The Keep on the Borderlands: 5e and Other Versions

Last Updated on November 16, 2023

“The realm of mankind is narrow and constricted. Always, the forces of Chaos press upon its borders”.

Here, at the ragged edge of civilization, stands the last bastion that remains between the human lands and the chaotic, monstrous wilderness: The Keep on the Borderlands.   

Published in 1979, module B2 Keep on the Borderlands was one of the very first adventures written for Dungeons & Dragons by the game’s co-creator Gary Gygax himself. 

Keep on the Borderlands 5th Edition

If you want to run Keep on the Borderlands using 5e, you have three options. 

If you go with either of the first two, however, you may have to prepare your players for the idea that the adventure may not be anything remotely near “balanced.”

  • Convert it yourself, which is totally doable if you’re comfortable rebalancing encounters on the fly and can improvise a monster stat block, spell effect, or magic item on short notice. 
  • If you want a real bare-bones conversion that keeps everything but the ruleset the same, there are a few like this one on DM’s Guild. Fair warning: I’ve not had a chance to read through any of them, so your mileage may vary. 
  • Lastly, if you want a curated, 5e-focused (admittedly expensive) adventure and campaign in the fabled Borderlands, check out Into the Borderlands by Goodman Games. It’s a weighty homage to the original module, reimagined and expanded — kind of like the relationship between Curse of Strahd and I6 Ravenloft

Where Can I Find Different Versions of The Keep on the Borderlands? 

If you’re interested in this module, the pdf and a print-on-demand copy of middling quality are both available from Drive Thru RPG and the DM’s Guild for around $5 and $15, respectively.

If you just want to get your hands on the broad strokes of the module or just feel like reading it for inspiration, this is your best bet. 

If you really like it, the sheer popularity and number of print runs this adventure had actually make it one of the cheapest to buy secondhand when other rarer adventures from the time period can go for serious money. 

You can also pick up a pdf copy of the Tom Moldvay edition of D&D Basic edition from the DM’s Guild if you want to get an idea of the (much simpler) rules that the system uses.

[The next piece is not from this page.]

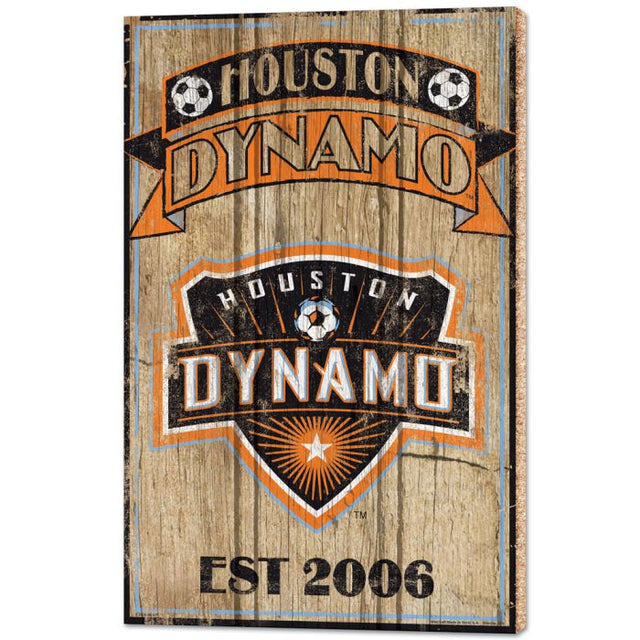 Letreros de madera del Houston Dynamo: 1/2" de grosor, 15" x 24"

That being said, Keep on the Borderlands does provide a reasonable rules recap of Basic D&D itself — the legacy of a time when all rules weren’t readily available on the internet at a moment’s notice.

If you’re interested in giving old-school D&D a go (and, if you are, this is the module to start with) however, I would recommend checking out Old School Essentials Classic Fantasy by Necrotic Gnome, which is a reformatted and updated republishing of the Basic/Expert D&D rules in a much prettier package and has become the gold standard for the old-school dungeon-delving community in recent years.  

Notes for the Dungeon Master 

Not only was Keep on the Borderlands included in the D&D Basic boxed set from 1979–1982, making it many people’s first foray into the game, but the adventure has been revisited, remixed, and replayed so many times throughout subsequent editions of D&D that it can probably lay claim to the title of “most played D&D adventure ever.

At its core, Keep on the Borderlands is a “teaching adventure.”

It’s designed to get new players used to sandbox-adventuring, dungeon-delving, and the quintessentially old-school D&D experience of being ignominiously torn apart and devoured by goblins. 

Unlike 5e’s starter adventure Lost Mines of Phandelver, this module doesn’t present a series of encounters, a plot-evolving named NPCs, or even any real concrete details about a setting at all.

It’s a thoroughly agnostic piece of design that gives dungeon masters the freedom to make Keep on the Borderlands fit easily into their own homebrew campaign setting with ease and also challenges them to start making decisions about their own game world. 

However, Gygax doesn’t leave the task of preparing the borderlands for the arrival of adventurers entirely up to the DM.

The module also provides a lot of direct advice on how to run a campaign, much (not all) of which holds up more than 40 years later. The module itself claims that the keep presents “a microcosm, a world in miniature.” In many ways, I think, Keep on the Borderlands presents the whole of Dungeons & Dragons in miniature — at least, a certain style of D&D.